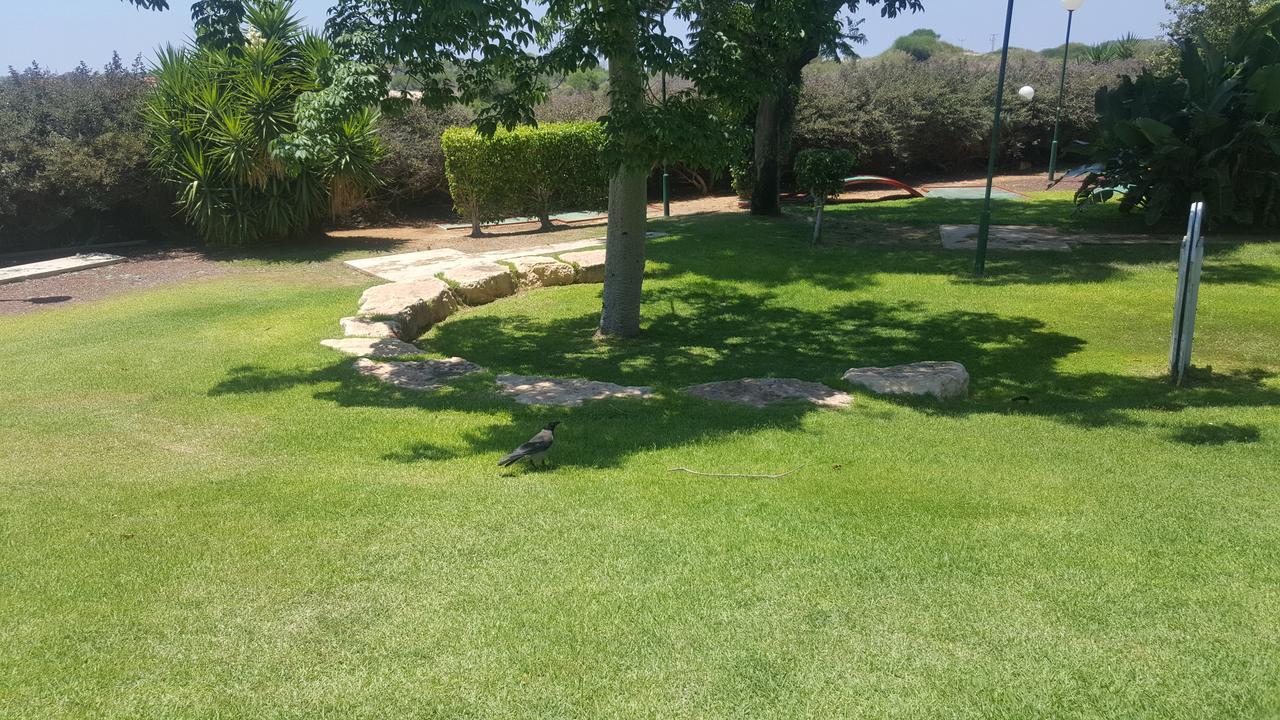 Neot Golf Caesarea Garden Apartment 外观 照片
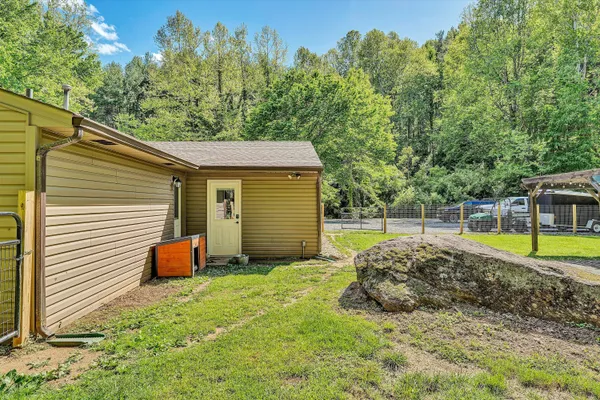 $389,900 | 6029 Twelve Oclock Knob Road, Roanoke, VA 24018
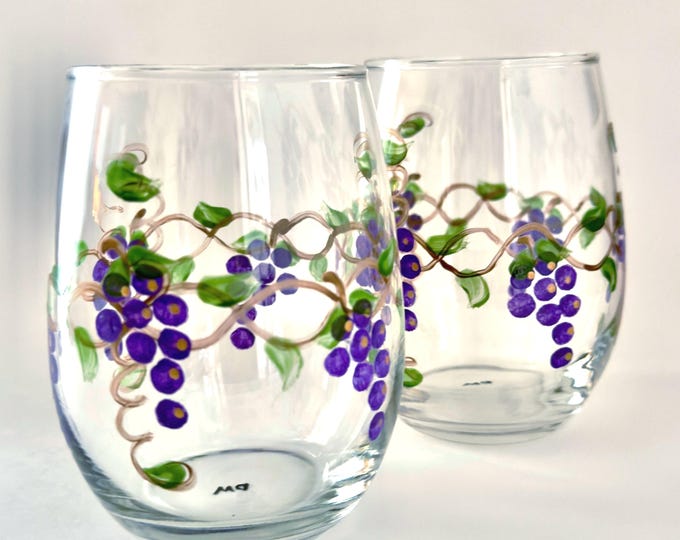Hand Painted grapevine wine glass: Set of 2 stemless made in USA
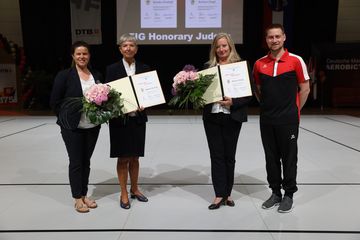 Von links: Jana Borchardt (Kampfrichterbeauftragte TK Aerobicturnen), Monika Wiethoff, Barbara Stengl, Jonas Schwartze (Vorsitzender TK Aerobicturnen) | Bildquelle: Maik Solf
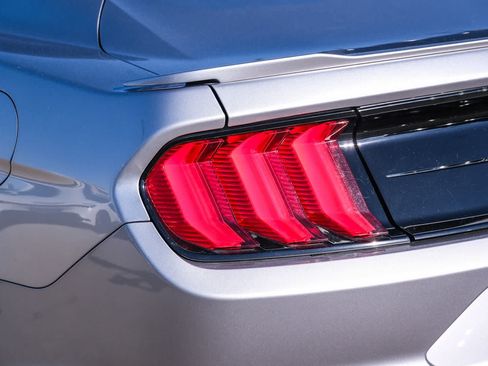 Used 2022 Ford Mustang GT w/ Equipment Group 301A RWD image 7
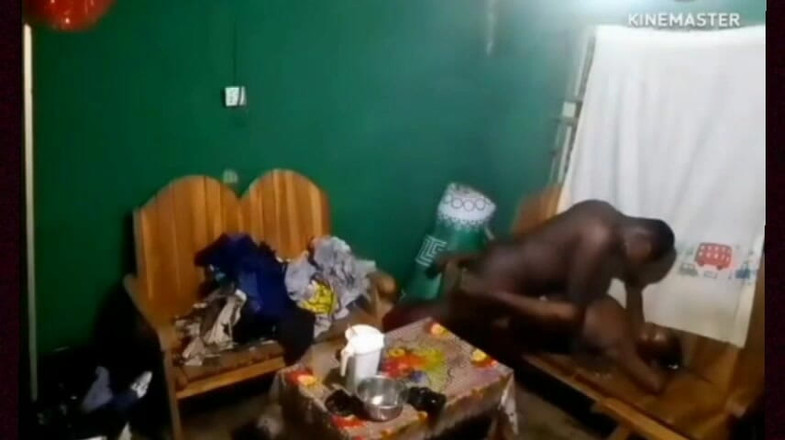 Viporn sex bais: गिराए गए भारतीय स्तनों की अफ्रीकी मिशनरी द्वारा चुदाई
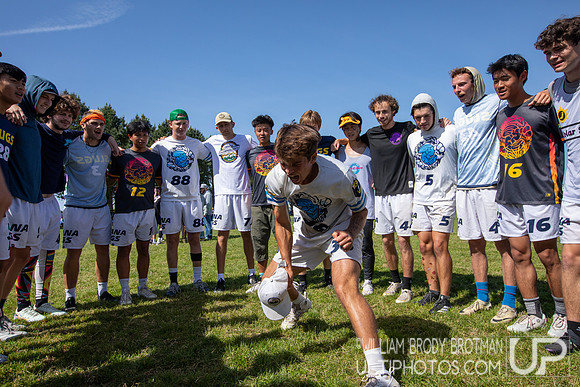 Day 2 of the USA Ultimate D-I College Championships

### Your assignment
Everything from the line containing "Von links: Jana" through the final line of the material must be set down exactly, except the pictures.

### Task response
 Von links: Jana Borchardt (Kampfrichterbeauftragte TK Aerobicturnen), Monika Wiethoff, Barbara Stengl, Jonas Schwartze (Vorsitzender TK Aerobicturnen) | Bildquelle: Maik Solf
 Used 2022 Ford Mustang GT w/ Equipment Group 301A RWD image 7
 Viporn sex bais: गिराए गए भारतीय स्तनों की अफ्रीकी मिशनरी द्वारा चुदाई
 Day 2 of the USA Ultimate D-I College Championships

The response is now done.